- Task brief: The reply should contain every line of the data, repeated exactly, and no pictures.

- Data provided:
/---

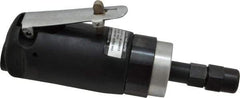 Florida Pneumatic - 1/4" Collet, Straight Handle, Straight Air Die Grinder - 20,000 RPM, Rear Exhaust, 4 CFM, 0.33 hp, 90 psi, 1/4 NPT - Americas Tooling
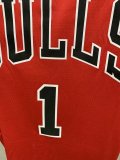 NBA Bulls 【customized】Rose No.1 1:1 Quality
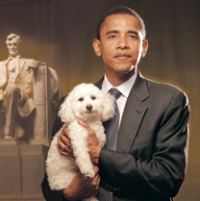 Free pet food offered to Obama’s dog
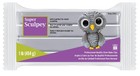 Super Sculpey Polymer Clay 1lb-gray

\---

- Written answer:
 Florida Pneumatic - 1/4" Collet, Straight Handle, Straight Air Die Grinder - 20,000 RPM, Rear Exhaust, 4 CFM, 0.33 hp, 90 psi, 1/4 NPT - Americas Tooling
 NBA Bulls 【customized】Rose No.1 1:1 Quality
 Free pet food offered to Obama’s dog
 Super Sculpey Polymer Clay 1lb-gray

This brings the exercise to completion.